● **ACTIVITY**:
Take the whole listing and reproduce it exactly, pictures excepted.

● **EXERCISE DATA**:

┌──

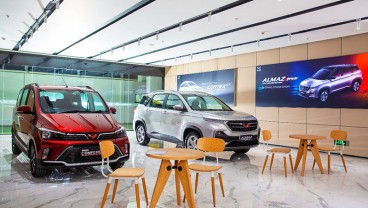 Bikin Dealer Khusus di RI, Wuling Pamer Mobil Listrik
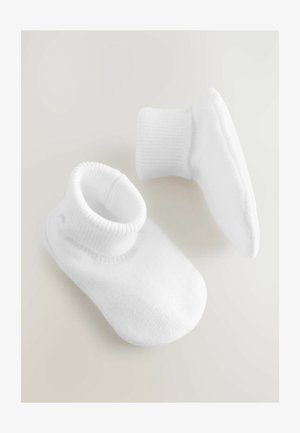 Weiße Knöchelsocken mit einem gerippten Bündchen und weicher Textur, ausgestattet mit einer abgerundeten Zehenpartie und einem minimalistischen Design.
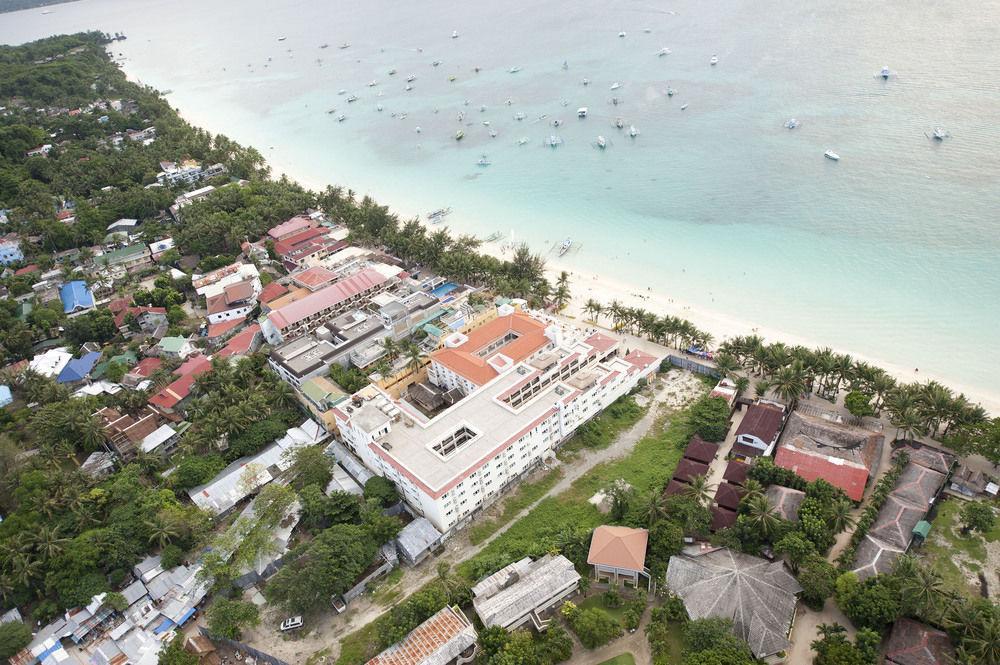 Golden Phoenix Hotel Boracay Manoc-Manoc Экстерьер фото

└──

● **RESPONSE**:
 Bikin Dealer Khusus di RI, Wuling Pamer Mobil Listrik
 Weiße Knöchelsocken mit einem gerippten Bündchen und weicher Textur, ausgestattet mit einer abgerundeten Zehenpartie und einem minimalistischen Design.
 Golden Phoenix Hotel Boracay Manoc-Manoc Экстерьер фото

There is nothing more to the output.